Mozilla launches multi-process test in Firefox Beta
Electrolysis, or multi-process Firefox, is without doubt one of the biggest projects ever for the Firefox development team.
The main idea behind the project is to separate browser code from website content by separating them using multiple processes. Security features such as sandboxing may be implemented at a later point in time as they rely on multi-process Firefox.
The loading and display of web pages is unaffected by the project while Firefox users and add-ons may be affected by it depending on the add-ons that are installed in the browser and how Firefox is being used.
Mozilla implemented Electrolysis in Firefox Nightly some time ago, and made it available in the Developer Edition of the web browser after a while as well.
Firefox Beta Multi-process test
The next step in the release process is to move Electrolysis to the Beta channel. Mozilla launched an A/B test of multi-process Firefox for Firefox Beta a couple of days ago.
About 15% of all Firefox Beta users take part in the experiment. Electrolysis has been activated for half of those selected versions of Firefox while the other half is a control group with Electrolysis disabled.

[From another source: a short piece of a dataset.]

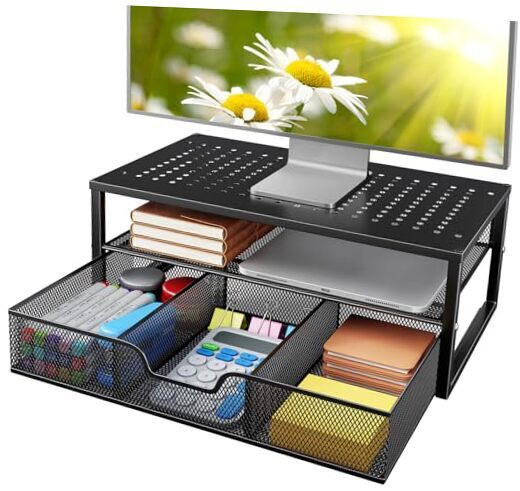 2 Tier Monitor Stand, Metal Monitor Riser with Storage, Computer Desk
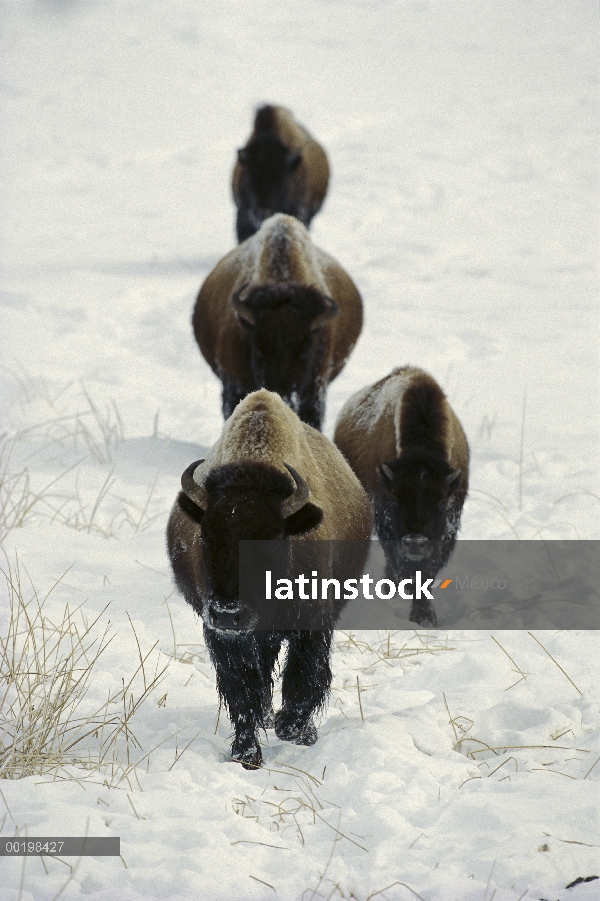 Grupo Bisonte americano (bisonte del bisonte) caminando hacia cámara, Parque Nacional de Yellowstone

The organization wants to measure the effect of multi-process Firefox, and while the Telemetry Experiments page does not reveal what's measured exactly, it likely includes information about crashes, hangs, performance, add-on issues, use-time and other metrics that are relevant in answering whether Electrolysis is ready to be distributed to all Firefox Beta users.
Mozilla postponed the release of Electrolysis several times already. The current plan is to release multi-process Firefox to the stable channel on April 19, 2016 when Firefox 46 is released to the stable channel.

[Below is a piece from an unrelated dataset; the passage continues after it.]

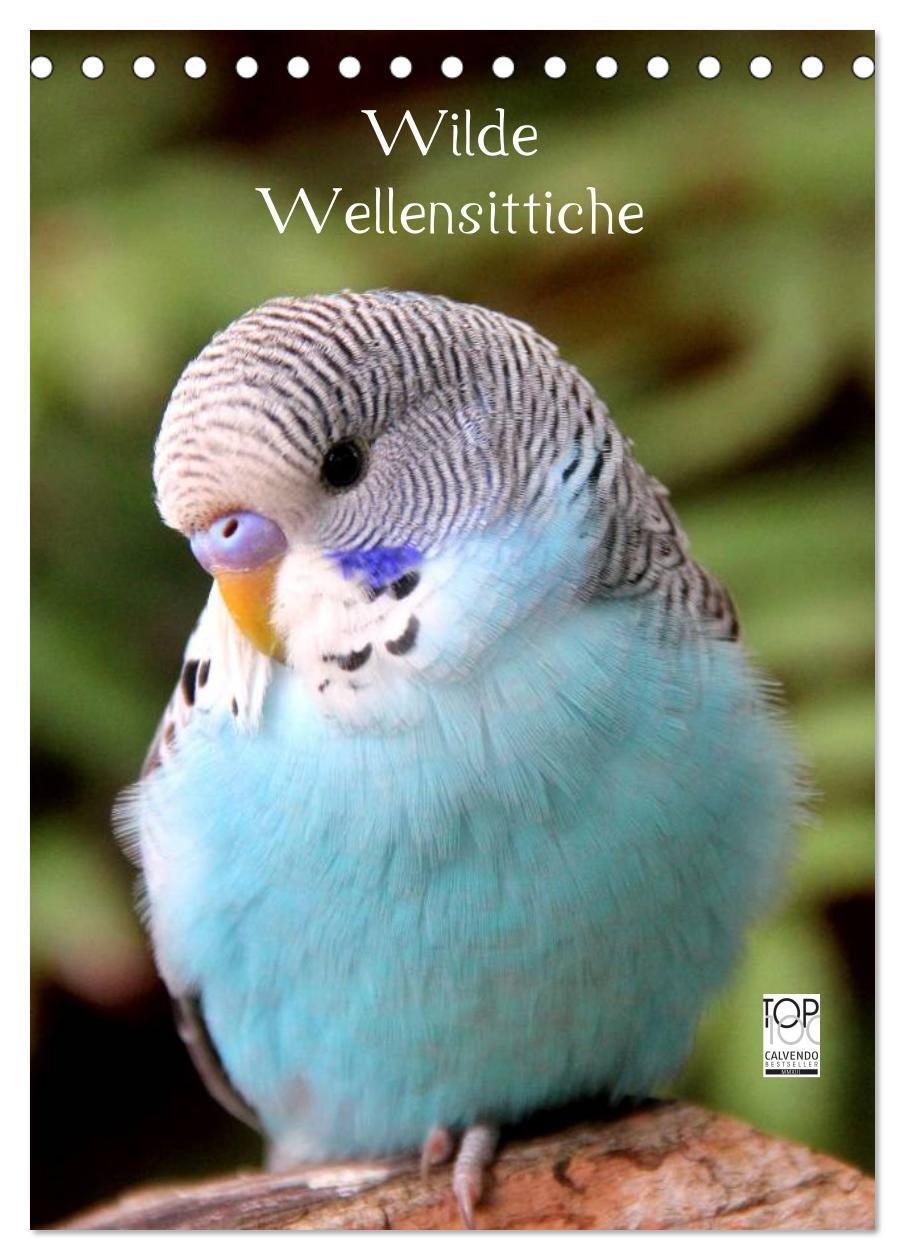 Cover: 9783383616464 | Wilde Wellensittiche (Tischkalender 2024 DIN A5 hoch), CALVENDO...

This is a projected release date only however and it is possible that Electrolysis will be delayed further.
One interesting idea that Mozilla has to make the release less painful for users of the browser is to enable Electrolysis only in versions of Firefox without add-ons, and in versions of Firefox where only compatible add-ons are installed in.
This would give add-on developers additional time to make their add-ons compatible and make the move to a multi-process Firefox less problematic for users who rely on add-ons that are not compatible.